According to statistics from the Centers for Disease Control and Prevention, there are approximately 1.7 million injuries per year due to workplace assaults, representing 18% of all violent crime in the United States.
A recent article appearing in the Journal of the American Medical Association (JAMA) focuses on the 73 homicides that occurred in health care settings, as well as the 20 in hospitals. Comparing the 12 physicians and 15 nurses who were victims in a health care environment with the taxi drivers and cashiers, the study notes that the rate of assaults among health care professionals is 8 in 10,000, compared with 2 in 10,000 for the private sector in general.

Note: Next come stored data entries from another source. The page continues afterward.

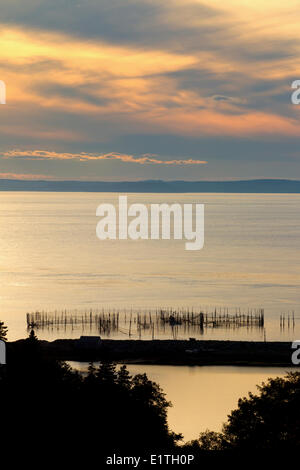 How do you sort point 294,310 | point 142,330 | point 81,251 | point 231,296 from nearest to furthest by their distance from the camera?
point 142,330, point 294,310, point 231,296, point 81,251

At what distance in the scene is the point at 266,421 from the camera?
36.1 meters

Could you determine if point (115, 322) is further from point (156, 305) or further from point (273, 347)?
point (273, 347)

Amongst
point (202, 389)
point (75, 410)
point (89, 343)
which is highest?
point (89, 343)

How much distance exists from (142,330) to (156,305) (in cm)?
1784

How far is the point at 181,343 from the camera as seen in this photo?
7800 cm

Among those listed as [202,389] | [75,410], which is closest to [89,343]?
[202,389]

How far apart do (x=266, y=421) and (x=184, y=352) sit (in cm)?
3785

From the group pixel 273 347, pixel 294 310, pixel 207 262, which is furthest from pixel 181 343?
pixel 207 262

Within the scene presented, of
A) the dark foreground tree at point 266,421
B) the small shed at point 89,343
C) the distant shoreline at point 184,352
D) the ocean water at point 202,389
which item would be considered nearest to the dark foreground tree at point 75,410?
the dark foreground tree at point 266,421

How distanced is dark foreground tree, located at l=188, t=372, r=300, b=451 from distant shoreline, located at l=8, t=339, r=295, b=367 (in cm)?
3153

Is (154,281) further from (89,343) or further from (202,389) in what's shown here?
(202,389)

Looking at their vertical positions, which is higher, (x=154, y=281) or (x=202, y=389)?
(x=154, y=281)

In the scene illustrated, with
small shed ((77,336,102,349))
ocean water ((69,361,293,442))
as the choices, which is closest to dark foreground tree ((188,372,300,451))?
ocean water ((69,361,293,442))

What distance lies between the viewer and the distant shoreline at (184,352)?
232ft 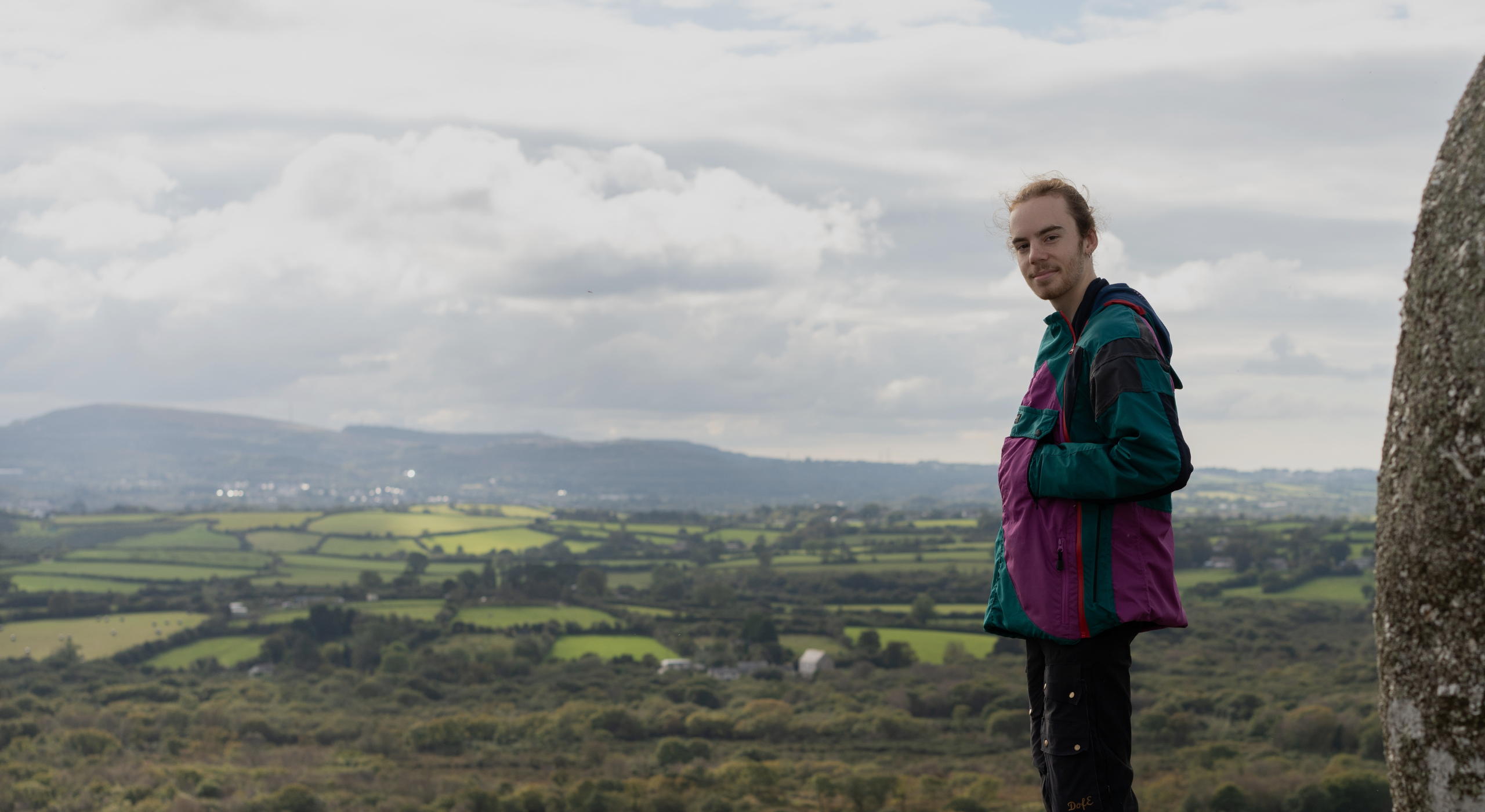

The article, “Violence in the Health Care Setting,” notes that hospitals are no longer the institutions of safety as previously thought by society:
“There was a time when physicians were viewed with reverence and hospitals were considered sanctuaries. This deferential view has increasingly eroded over the last 2 decades because of several disparate but intertwined forces. Health care today is somewhat rightfully portrayed as a commodity, bought and sold on stock exchanges. Patients are now considered consumers by many. Hospitals compete on product lines and strive to gain market share. Medical services, like other service industries, are evaluated by publicly reported percentile rankings in patient satisfaction. Many patients are left to navigate an increasingly complex medical system, while increased specialization and rushed primary care physicians leave many without a meaningful patient-physician relationship.”
The complete article, which can be read online at JAMA or in its print edition, opines that while hospitals have an obligation to maintain a safe environment, perhaps the bigger issue is the role violence plays in our society, not to mention how we address it.